Structural and magnetic properties of three one-dimensional azido-bridged copper(II) and manganese(II) coordination polymers

Three one-dimensional (1D) azido-bridged coordination polymers of formula [Cu(L)(N3)2]n (1), [Cu2(Me-L)(N3)4]n (2), and [Mn(L)(N3)2]n (3) have been synthesized and structurally characterized, and their magnetic properties studied, where L and Me-L are 2-(pyrazol-1-ylmethyl)pyridine and 2-(3-methylpyrazol-1-ylmethyl)pyridine, respectively. Compound 1 consists of 1D chains in which the Cu(II) ions with a square pyramidal geometry are alternately bridged by an end-to-end (EE) and an end-on (EO) azido ligands, both adopting a basal-apical disposition. Compound 2 exhibits an unprecedented chain topology built via three different kinds of EO azido bridges. Four Cu(II) ions in the square pyramidal environment are alternately bridged by single and double EO bridges to form a tetranuclear cyclic ring, and neighboring rings are interlinked by double EO bridges to generate a "chain of rings". The intraannular double azido ions are disposed between metal ions in a basal-basal fashion, and the other two kinds of azido ions adopt the basal-apical disposition.

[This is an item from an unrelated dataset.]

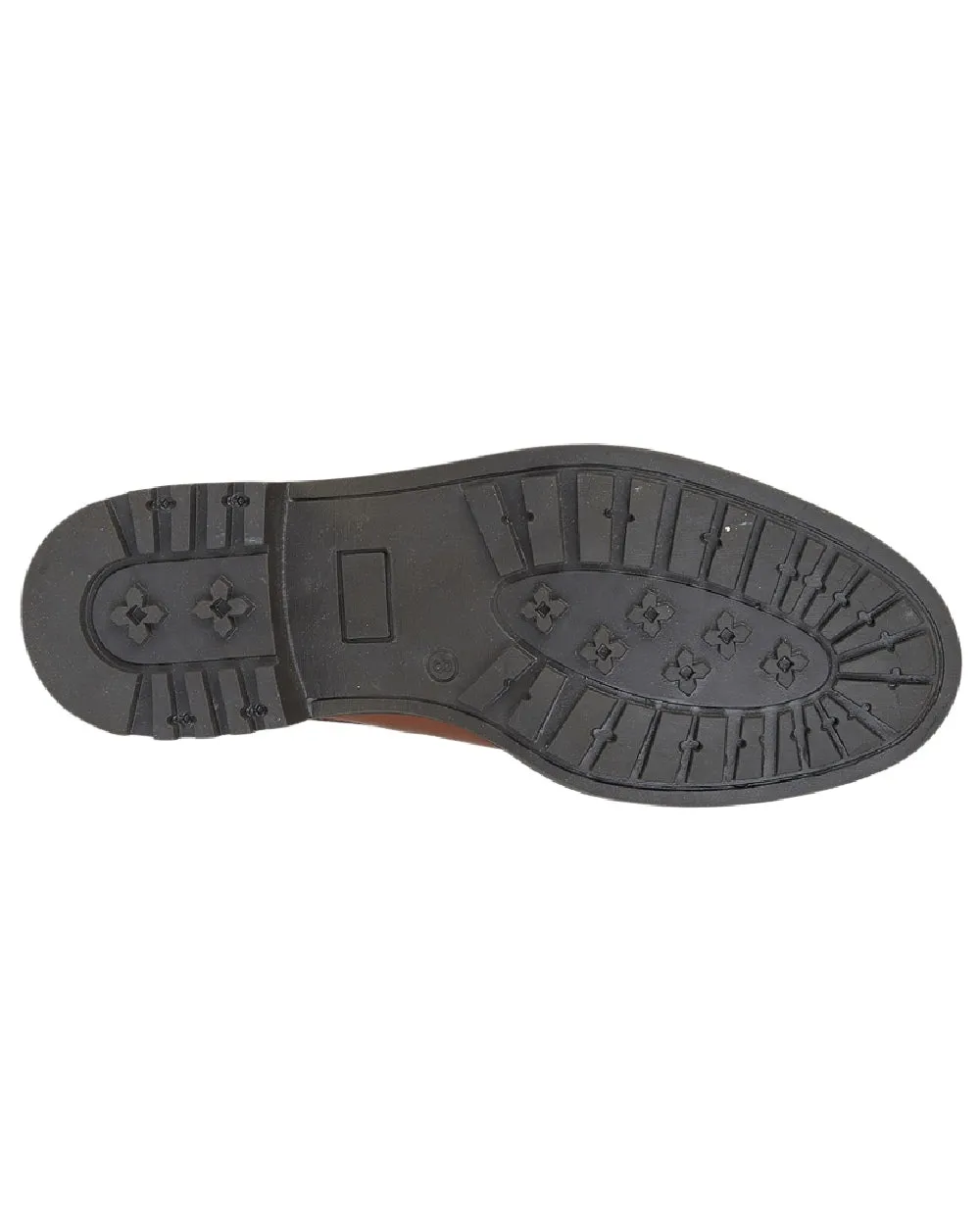 Small Calf Boots Roamers Mens Elgin Tan Leather Twin Gusset Boots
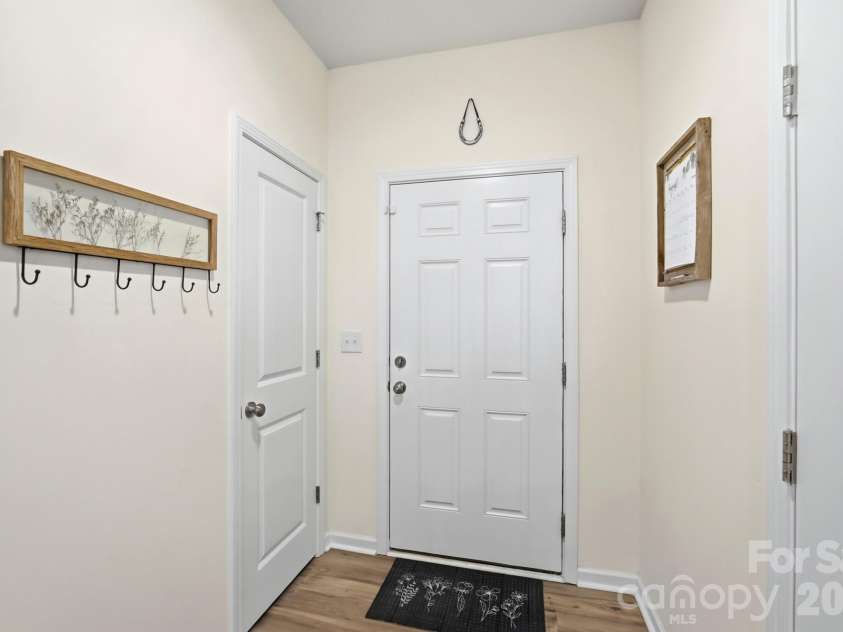 5243 Maynard Hill Drive, Monroe, NC 28110.  MLS# CAR4413326, YatesRealty ID 43634. Front Entry.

Compound 3 consists of 1D concave-convex chains in which cis-octahedrally coordinated Mn(II) ions are alternately bridged by double EE and double EO bridges. There exist pi-pi interactions between the ligands bound to the neighboring Mn(II) ions bridged by the EO bridges. Temperature- and field-dependent magnetic analyses reveal alternate ferromagnetic interactions for 1, dominating ferromagnetic interactions for 2, and alternating ferro- and antiferromagnetic interactions through the EO and EE azido bridges for 3, respectively.     

Copper(II) benzoate nitroxide dimers and chains: structure and magnetic studies

Copper(II) benzoate dimers and linear chains have been synthesized and exhibit very different magnetic behaviors. The benzoate dimers, 1a, show typical dimeric singlet-triplet transitions and strong antiferromagnetic coupling (JST = -206 K (-143 cm-1); H = -2JSTSa.Sb). The bromobenzoate dimer can be converted into linear chains of hydrogen-bonded monomers, showing 1-D ferromagnetic coupling (6a, theta = +9 K). Copper(II) sites can also be bridged by nitroxide-substituted benzoates, 1b and 1c, that is, 2-(4'-carboxyphenyl)-4,4,5,5-tetramethylimidazoline-3-oxide-1-oxyl (NNBA, 3a), with JST = -216 K (-150 cm-1), with comparable interactions between the nitroxide and triplet Cu(II) spins, theta T = -157 K. A 1-D chain similar to the bromobenzoate monomers can also be produced with NNBA, also exhibiting ferromagnetic coupling (6b, theta = +0.67 K), albeit much weaker. Other nitroxides have been introduced into the Cu(II) dimer system by capping copper(II) acetate with the polydentate 2-(4'-pyridyl)-4,4,5,5-tetramethylimidazoline-3-oxide-1-oxyl (PYNN, 3b), which exhibits almost no coupling to the copper centers when both ends of the dimer are capped (1d, theta = -5.8 K). In contrast, strong coupling is observed when only one PYNN is used (2, theta = -300 K), which is the result of direct coordination of the nitroxide to the copper centers, producing a chain of the dimer units.